Em 1971, enquanto o Pentágono hesitava frente à futura
possibilidade de guerra contra os soviéticos, jovens pilotos da Força Aérea,
como Byron "Hook" Hukee, se encontravam ocupados com uma guerra baixa
e suja no Sudeste Asiático. Para Hukee, o "suporte aéreo próximo" em
guerra é um estratagema simples.
"Quando falo em proximidade, falo de 100 metros, não
mil", disse ele.
Hukee pilotou o A-1 Skyraider, avião da época da guerra
na Coreia — ele dava cobertura para os helicópteros que tentavam resgatar os
pilotos feridos ao norte do Vietnã. Ele contou que, sem dúvidas, os bombardeiros
atuais são grandes demais para oferecer apoio às tropas terrestres.
Volta e meia, ele lançava bombas Mark 81, de 115 quilos —
apelidadas de "Senhora Dedo" por conta de seu formato delgado e
tamanho pequeno —, a 100 metros de americanos feridos, para afastar agressores
vietnamitas. Contudo, no Afeganistão, a menor bomba a disposição era a Mark 82,
de 230 quilos, impossível de ser aplicada com segurança a 600 metros de tropas
terrestres aliadas.
Hukee elogiou armas ainda menores, como a bomba de fósforo
branco M47, de 45 quilos, do período da Segunda Guerra, e contou que também
podia jogar pequenos conjuntos de meia dúzia de bombas de fragmentação no
inimigo. Hoje, as menores bombas de fragmentação usadas no Afeganistão pesam
cerca de 450 quilos e são armadas com mais de 200 pequenas bombas.

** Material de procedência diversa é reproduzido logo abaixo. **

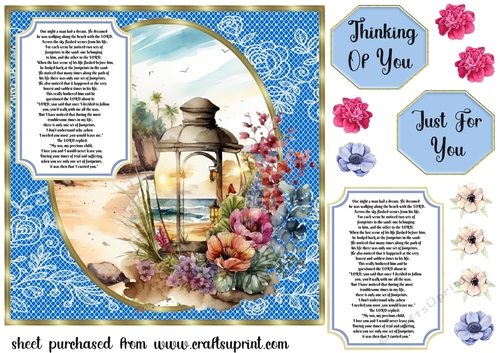 A walk on the beach card front 5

Em alguns casos, Hukee tinha que lançar mísseis ou atirar
com seus canhões de 20 mm em um alvo e, por conta da velocidade baixa do avião
A-1, ele conseguia ajustar a mira e abrir fogo antes de atravessar o campo de
batalha e dar a meia-volta.
Isso é impensável em uma aeronave a jato. Hukee contou
que o lema dos pilotos de caças a jato F-4 no Vietnã era "acabar com tudo
numa tacada só", pois geralmente lançavam bombas de 230 quilos, ou
maiores, de uma vez só e davam no pé. Já os Skyraiders voavam baixinho,
devagar, e pisoteavam o alvo — às vezes, davam mais de dez voltas no campo de
batalha antes de acabar o combustível.
Mais de quatro décadas depois, os testes na Estação Aérea
Naval de Fallon, no oeste de Nevada, mostraram que o Super T era a solução mais
semelhante às capacidades do Skyraider. Com um A-29, seria possível voar e
entrar em combate a menos de mil pés acima do solo. Um Tucano armado pode ficar
até quatro horas no ar, muito melhor do que os caças de combate a jato
beberrões, que não permanecem mais do que 20 minutos suspensos até acabar o
combustível.
Típicos caças de combate só podem voar a um raio de três
ou quatro da batalha, enquanto o Super T poderia permanecer a apenas 500 metros
da zona do alvo, perfeito para ataques aéreos ágeis.
Além disso, havia outra batalha tecnológica, tão
fundamental quanto a controvérsia hélice-versus-jato: a polêmica acerca dos
"casulos".
O termo é uma abreviação de "casulos de designação
de alvos" — são dispositivos eletro-ópticos acoplados à face inferior dos
aviões e contêm câmeras e lasers para ajudar em ataques aéreos. Ao estudar um
avião como o F-16, é fácil confundir um casulo com mais uma bomba. Os casulos
permitem com que os pilotos joguem bombas de altitudes elevadas com maior
precisão, mas o panorama do solo em zoom que o piloto observa pode ser
comparado à vista do horizonte através de um canudinho.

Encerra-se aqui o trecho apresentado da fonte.